Task details: The whole listing below needs to be duplicated exactly, pictures aside.

Dataset excerpt:
____________
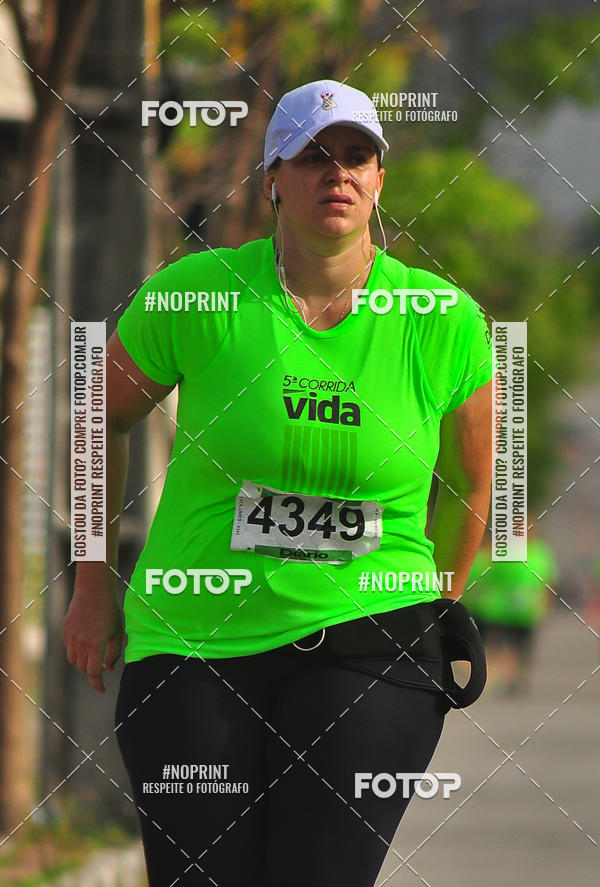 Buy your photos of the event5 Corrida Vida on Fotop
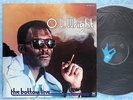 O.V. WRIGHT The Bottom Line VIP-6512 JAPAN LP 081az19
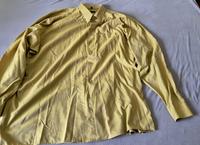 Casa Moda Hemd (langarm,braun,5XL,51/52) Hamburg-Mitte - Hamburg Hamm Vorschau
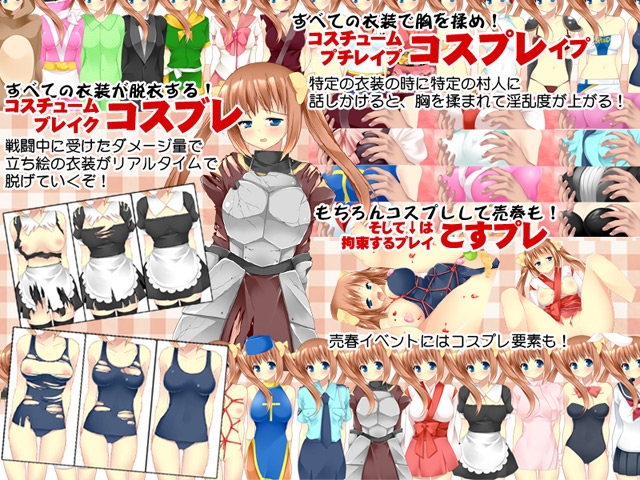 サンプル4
____________
Solution below:
 Buy your photos of the event5 Corrida Vida on Fotop
 O.V. WRIGHT The Bottom Line VIP-6512 JAPAN LP 081az19
 Casa Moda Hemd (langarm,braun,5XL,51/52) Hamburg-Mitte - Hamburg Hamm Vorschau
 サンプル4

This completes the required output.